Een uitgave van mats bv ©

MAKKIE

Jaargang II, 5

Pappa's ochtendhumeuren zijn legendarisch. Sinds mijn prille jeugd, zo lang als ik me kan herinneren eigenlijk, lijd ik aan een ernstige vorm van begin-fobie. Tot op de dag van vandaag kunnen mijn zussen smakelijk verhalen van anekdotes uit onze jeugd die verband houden met deze ziekte. Mijn jongste zus vertelt dan hoe ze zingend naar beneden kwam, door mijn haren woelde, die nat en stijf op mijn hoofd geplakt zaten omdat ze anders de gewenste vorm niet wilden aannemen en me tegelijkertijd een prettige morgen wenste, terwijl ze wist dat een prettige morgen voor mij onwaarschijnlijk was en door haar optreden zelfs onmogelijk werd gemaakt. Ik kan er nu nog giftig over worden.
En steeds als collega's te laat op kantoor kwamen met het excuus dat ze door zieke of gewoon lastige kinderen in hun nachtrust waren gestoord, wist ik dat het vaderschap alleen al om die reden niet voor mij was weggelegd.
Zoals u inmiddels zult begrijpen, is het allemaal anders gelopen. Met mijn ochtenhumeuren is het nog steeds niet best, maar mijn directe omgeving heeft er mee leren omgaan. Sinds we elkaar kennen creëert mijn vrouw elke dag een broze vrede door me een kopje koffie op bed te brengen. Echt waar, elke dag! Pure liefde noem ik dat, sterke drang om ons huwelijk te overleven, noemt zij dat, ze houdt niet van grote woorden.
Mijn dochter kent dat soort overwegingen natuurlijk nog niet. Die doet nog gewoon waar ze zin in heeft of wat haar instinct haar ingeeft. Bovendien, als er iemand 's morgens ongestraft door mijn haren zou kunnen woelen, is zij het wel. En met het instinct van mijn dochter richting haar vader is niets mis. Toen ze nog aan de fles was, werd ze door haar moeder na de ochtendfles wel naast mij in het ouderlijke bed gelegd. Het is herhaaldelijk voorgekomen dat we pas rond het middaguur samen wakker schrokken. Later, als ze naar onze smaak te vroeg wakker werd, liet ze zich overtuigen dat pappa nog zo heel erg moe was en dat ze nog een beetje moest slapen. Ze liet zich dan terug leggen en gunde me dat noodzakelijke kwartiertje en, geloof het of niet, soms zelf nóg een kwartiertje.
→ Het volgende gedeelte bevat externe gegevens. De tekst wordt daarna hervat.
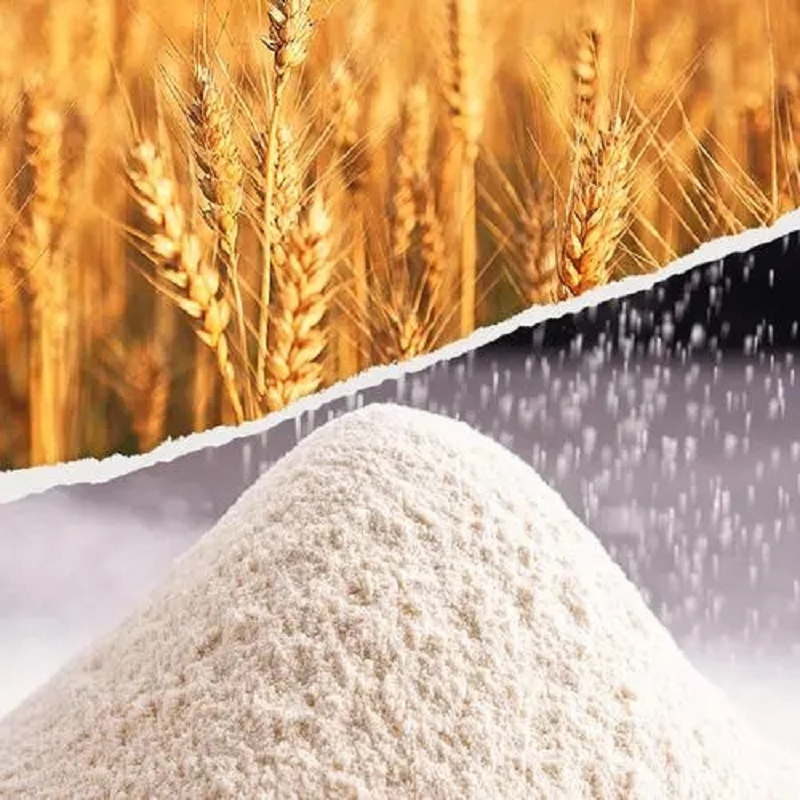 wholesale natural vegetable protein made from high-quality wheatwidely used in food and feed industries Vital Wheat Gluten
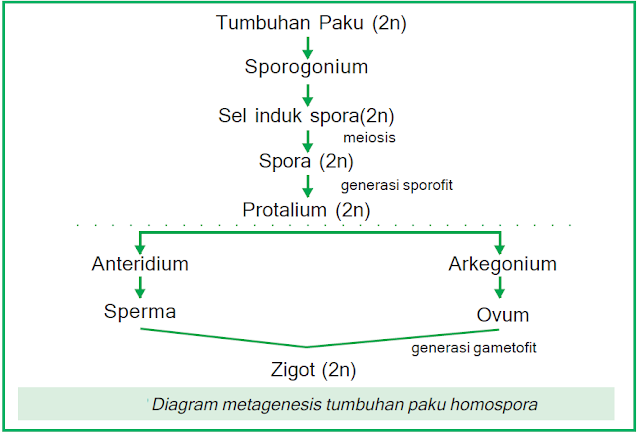 Diagram metagenesis tumbuhan paku homospora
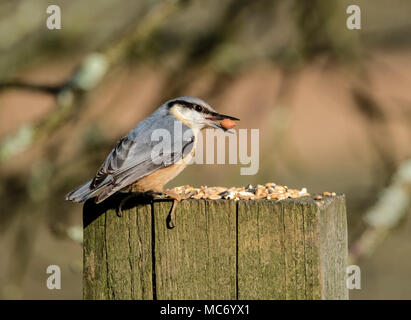 Ein Kleiber thront auf einem bewaldeten Post mit einer Mutter ihren Mund. (Sitta europaea), aufgenommen während der Fütterung in Dorset, England, UK. Stockfoto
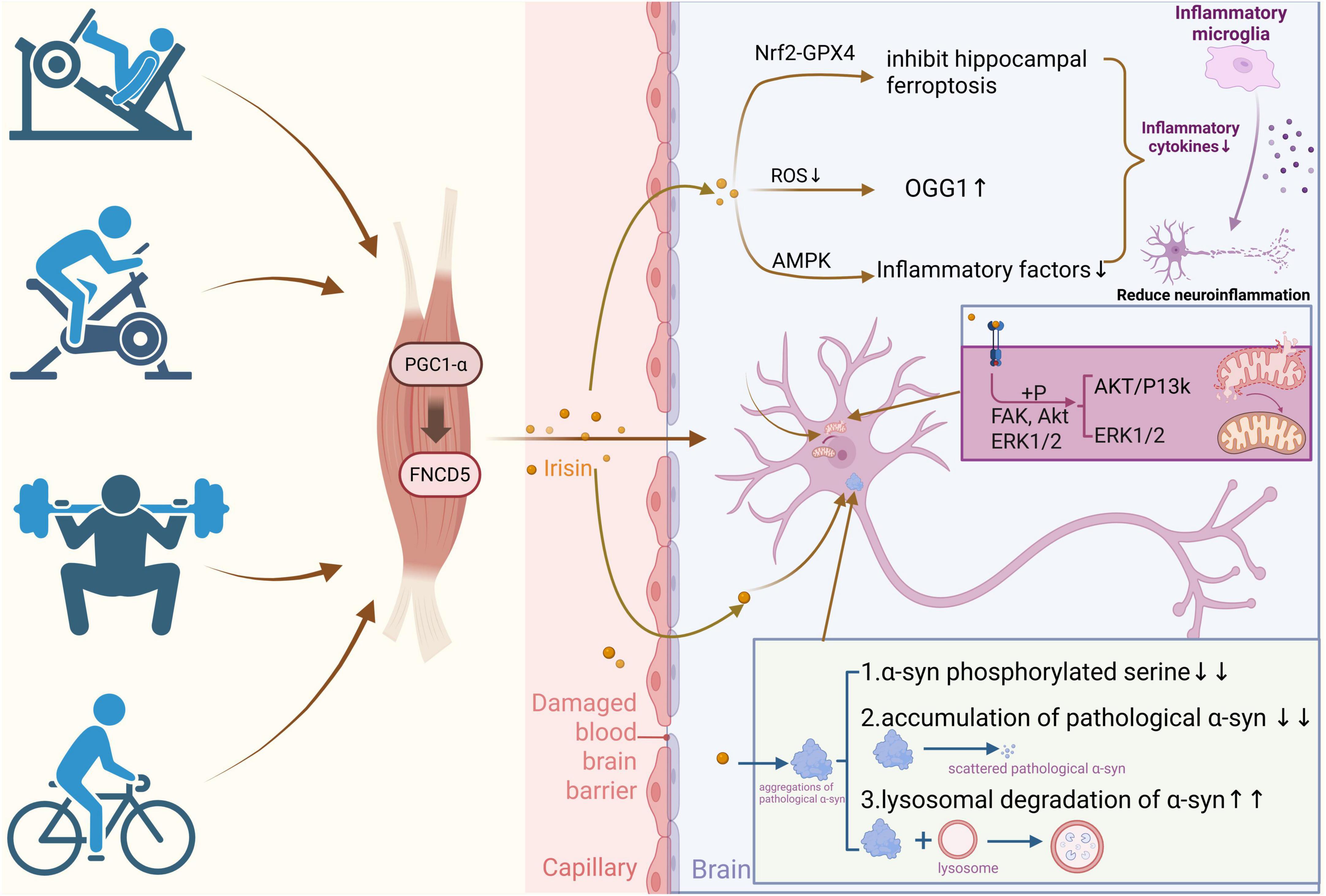Diagram illustrating the effects of various exercises (rowing, cycling, weightlifting) on muscle and brain health. Exercise activates PGC1-α and FNCD5 in muscles, releasing irisin. Irisin crosses the blood-brain barrier, affecting brain cells by inhibiting hippocampal ferroptosis, reducing ROS and inflammatory factors, and decreasing neuroinflammation. A close-up box shows reduced phosphorylated α-syn levels, reduced accumulation of pathological α-syn, and increased lysosomal degradation. This process involves pathways like Nrf2-GPX4, AMPK, and AKT/ERK, contributing to improved brain health.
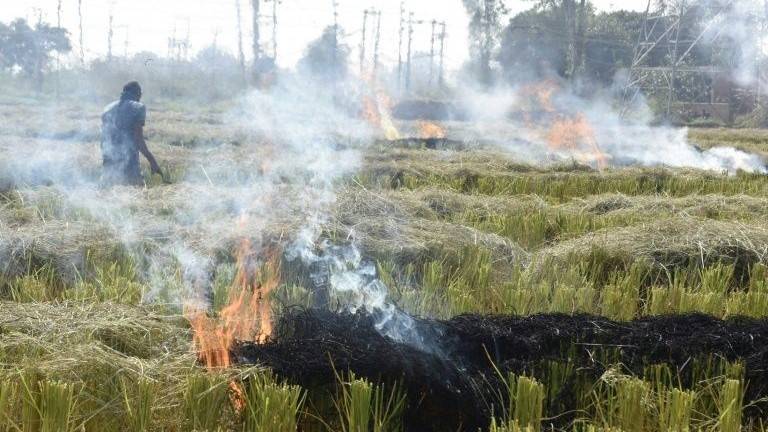 Delhi races to cut pollution on coronavirus warnings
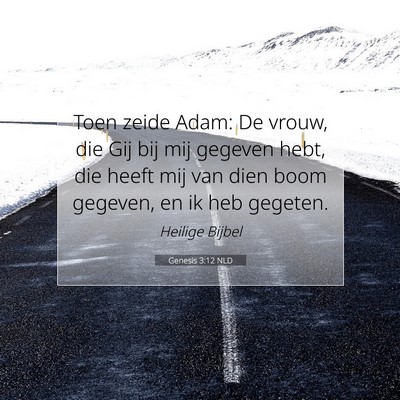 Picture 07 - Genesis 3:12 NLD - Toen zeide Adam: De vrouw, die Gij bij mij - Bible Verse Picture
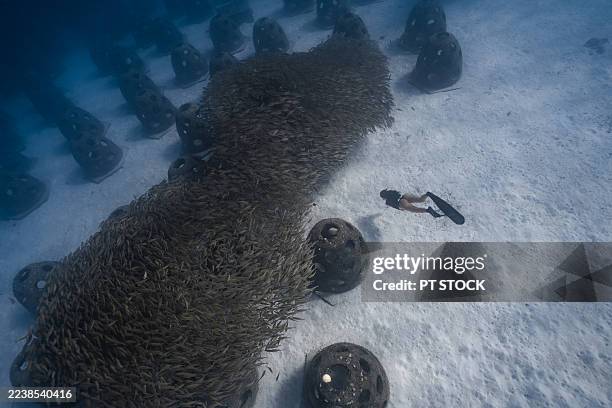 freediver reaching toward dense school of fish - una mujer de mediana edad solamente fotografías e imágenes de stock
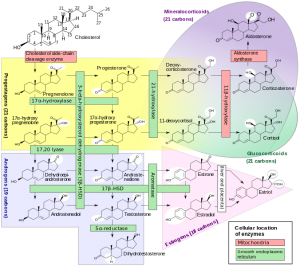 676px-Steroidogenesis.svg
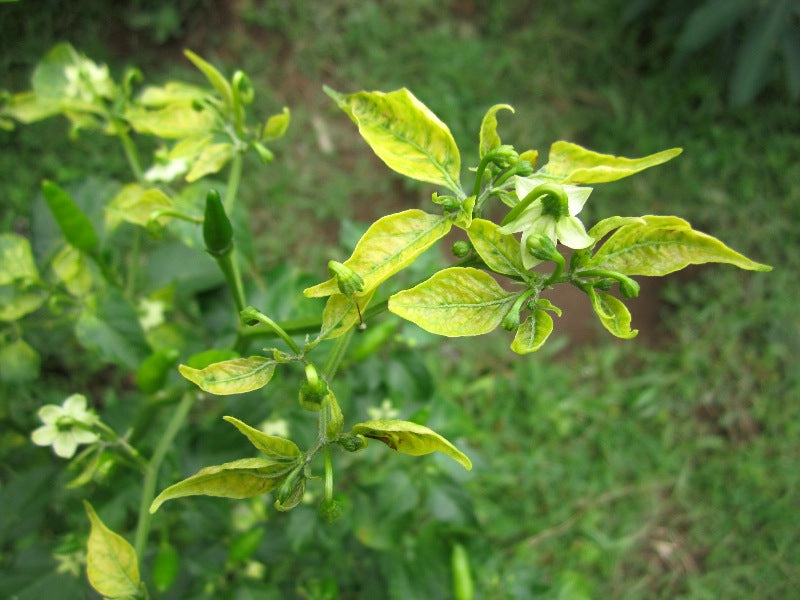 Chilli shoot with leaf curl virus: young leaves pale yellow with green veins and curled at the edges, around open white flowers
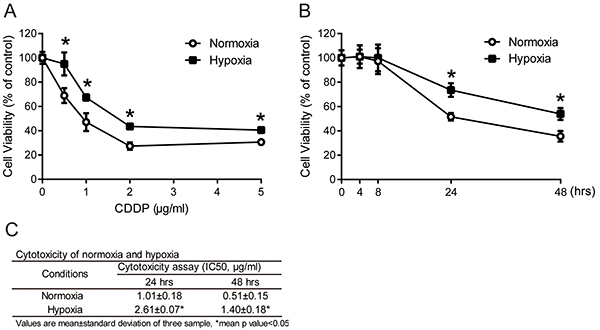 Drug resistance in tumor cells under hypoxia.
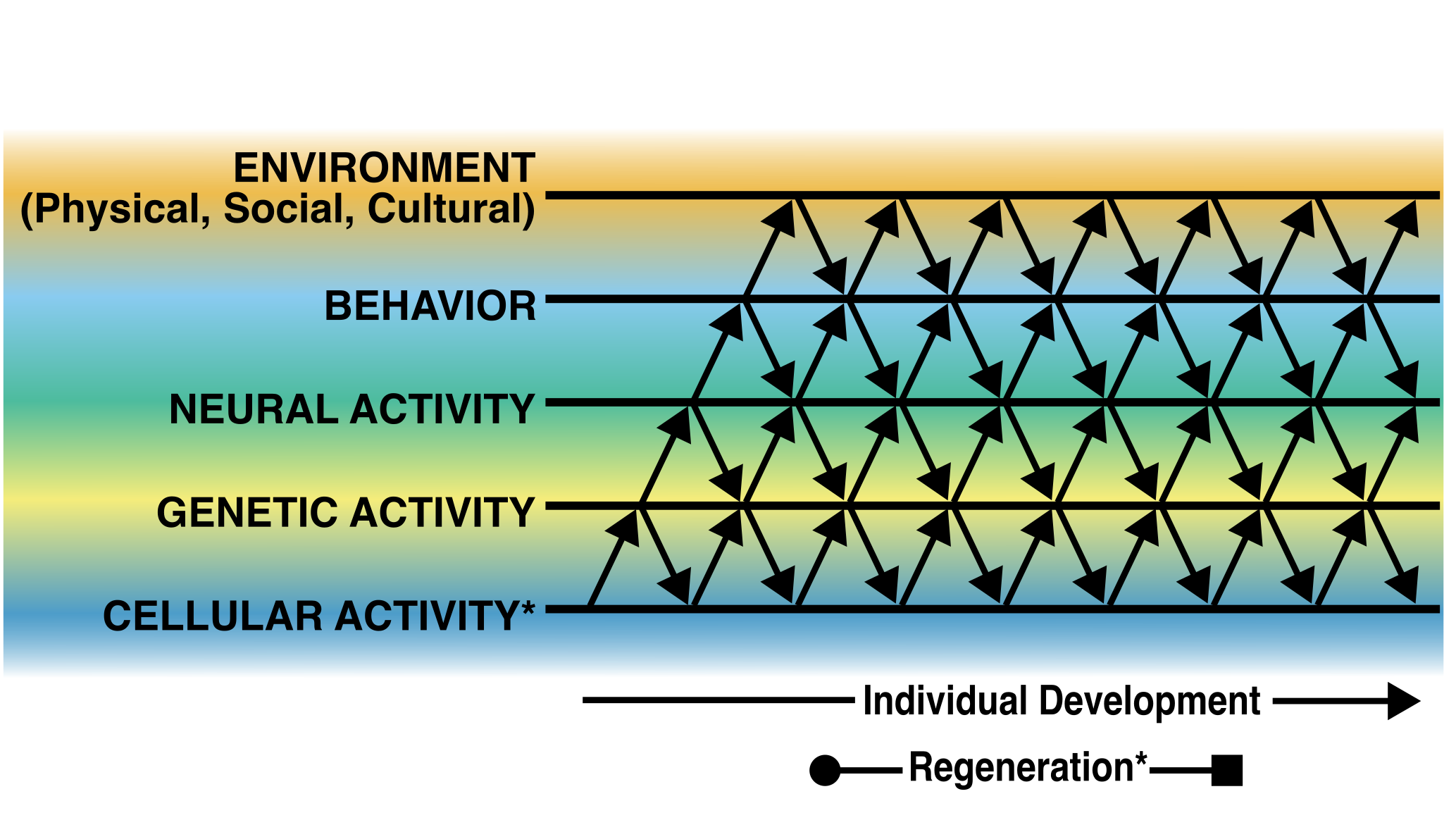 probablisitic regenesis framework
Tegenwoordig roept ze dat ze wakker is en dan is het de bedoeling dat een van ons het licht komt aandoen, zodat zij de beren nog een half uurtje kan 'voorlezen'.
Als ik zelf een dochter had kunnen uitkiezen, had ik deze genomen, dat zal duidelijk zijn.
Al met al valt het me mee, het vaderschap. Ik bedoel: ik doe het nog niet zo lang en dat ochtendhumeur is natuurlijk maar één aspect, maar dat het geweldig ingewikkeld is, kan ik niet zeggen; het komt toch voor het grootste deel vanzelf.
Dat moet wel een spectaculaire puberteit worden, houden mijn vrouw en ik elkaar maar voor. Wij weten het ook niet. De literatuur biedt wat dat betreft weinig houvast; de deskundigen vertellen bij voorkeur alleen maar van rampen en tegenspoed. Echtparen met probleemloze kinderen worden maar zo'n beetje aan hun lot overgelaten.